VOEU co-présenté par les groupes Ecologie et Solidarité et Communiste et Républicain lors de la session plénière du 14 avril 2023.
VOEU rejeté.
TEXTE du VOEU
En décembre 2021, le gouvernement a décidé d’engager concrètement le projet d’autoroute A 154 en lançant l’appel d’offres pour la mise en concession, avec une mise en service prévue pour 2030.
Il s’agit d’un projet ancien qui n’a cessé de faire débat depuis de nombreuses années. Si ce projet est soutenu par l’essentiel des parlementaires d’Eure-et-Loir, par l’exécutif du Conseil départemental et par des élu.es des agglomérations de Chartres et de Dreux, il est contesté par nombre d’habitant.es, et d’élu.es locaux, par les collectifs citoyens ou bien encore par le député de la première circonscription d’Eure-et-Loir. Ce refus a été notamment exprimé par des pétitions, des manifestations, des recours administratifs, une saisine citoyenne du CESER… La mise en place d’un comité de suivi par la Préfecture d’Eure-et-Loir a confirmé les craintes des opposants. Presque cinq ans après la Déclaration d’Utilité Publique, l’accélération du dérèglement climatique, le développement du stress hydrique et la crise énergétique devraient exiger de reconsidérer un choix de l’ancien monde qui était déjà contestable. Quatre raisons principales subsistent concernant la nocivité de ce projet.
Cette autoroute accélèrerait les processus d’artificialisation des sols et de perte de la biodiversité déjà engagés. Ce projet d’infrastructure est en totale opposition avec la loi Climat et Résilience et notamment avec le Zéro Artificialisation Nette, puisqu’il consommerait 660 hectares de terres agricoles et 90 hectares de forêt. Il entraînerait inévitablement la pollution de la nappe phréatique alimentant la région drouaise en eau potable et une destruction importante de la biodiversité présente sur les vallées de l’Eure et de la Blaise porteuses d’un inestimable patrimoine naturel.
D’un point de vue démocratique, la population n’a jamais été réellement consultée sur ce projet. Un projet de cette envergure s’élève aujourd’hui à 769 millions et des surcoûts sont probables. Cela pourrait impacter les impôts de la population, les collectivités locales étant notamment appelées à contribuer à une subvention d’équilibre de plusieurs dizaines de millions d’euros alors qu’une contribution a déjà été réalisée pour les portions de deux fois deux voies gratuites. Jamais un référendum local n’a été envisagé, alors que l’enquête publique réalisée en 2016 avait recueilli 75 % d’avis opposés.
La question de la privatisation est centrale. L’installation de cette portion d’autoroute entraînerait plusieurs conséquences totalement inacceptables notamment pour les usager.es.
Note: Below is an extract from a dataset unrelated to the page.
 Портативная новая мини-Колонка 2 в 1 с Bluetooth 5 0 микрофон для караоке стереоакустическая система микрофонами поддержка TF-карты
La transformation de la RN 154 et d’une partie de la RN 12 en autoroute concédée A 154 constituerait la spoliation d’un bien public contraire aux valeurs d’accessibilité pour tout.es. L’extension du projet au tronçon entre Dreux-Est et Houdan ne relève d’ailleurs pas de la Déclaration d’Utilité Publique, alors que c’est un tronçon de route nationale. Le coût des routes de substitution à réaliser ou sécuriser aux frais des collectivités locales serait aussi bien plus élevé que prévu, au nom de l’exigence bien légitime de sécurité, notamment dans tous les villages qui seraient à nouveau traversés par le transit local gratuit.
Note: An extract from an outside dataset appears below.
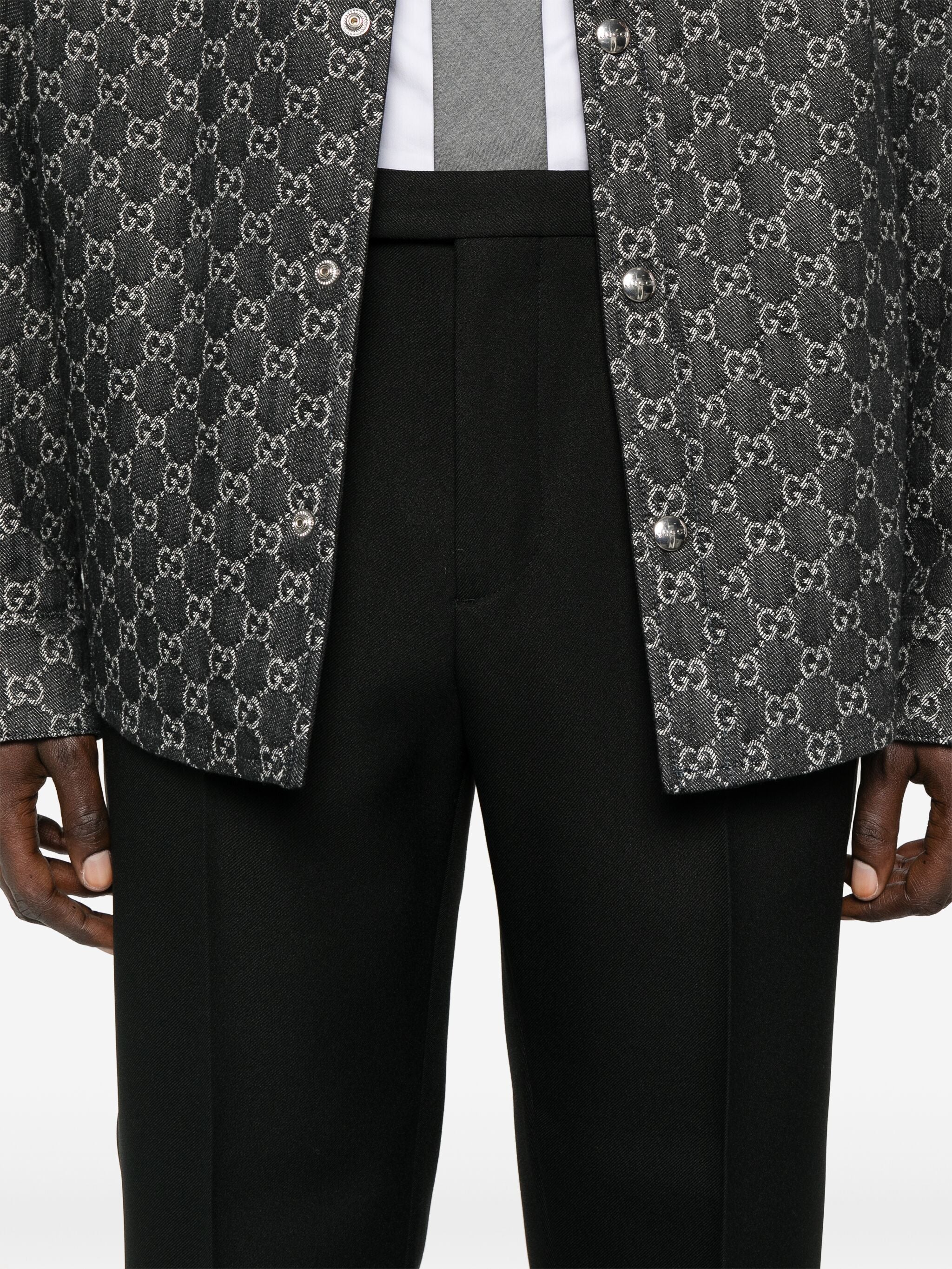 Black Fluid Straight-Leg Tailored Pants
Sur le plan du développement économique, nous savons que ce projet, chaînon manquant entre les ports du Havre et de Rouen et le sud de l’Europe, serait un accélérateur des flux internationaux, entraînant dans son sillage le développement de plateformes logistiques et aggravant encore l’artificialisation du département d’Eure-et-Loir. De plus, les déplacements des agriculteurs, artisans et PME, aujourd’hui satisfaits par le réseau local gratuit, seraient plus coûteux et souvent plus longs, comme en témoignent nombre d’entre eux. La vitalité économique locale liée au développement des circuits courts et des services de proximité, véritables locomotives de l’emploi et porteurs de prospérité, serait fortement affectée par cette autoroute coupant le territoire en deux
Un projet alternatif et citoyen existe : c’est le projet MOB 28 présenté par des associations, des citoyen·nes et des élu·es et qui est soutenu par les populations des zones traversées. D’après le ministère des transports, ce projet alternatif coûterait 320 millions d’euros.
Le Conseil régional Centre-Val de Loire, réuni en séance plénière le 13 avril 2023 à Chambray-lès-Tours, en cohérence avec la déclaration d’urgence climatique et sociale qu’il a votée en décembre 2021,
- rejette les nouveaux projets routiers écocides ;
- considère que tous les efforts publics doivent désormais être mobilisés pour les transports actifs et collectifs, notamment ferroviaires ;
- demande donc au gouvernement :
- d’une part que le projet alternatif citoyen MOB 28 soit étudié et comparé avec le projet actuel de mise en concession autoroutière de la RN 154 et de la RN 12 ;
- d’autre part, l’organisation d’une nouvelle enquête publique et le gel du projet, afin que soient prises en compte les exigences démocratiques, économiques, sociales et environnementales de la population eurélienne.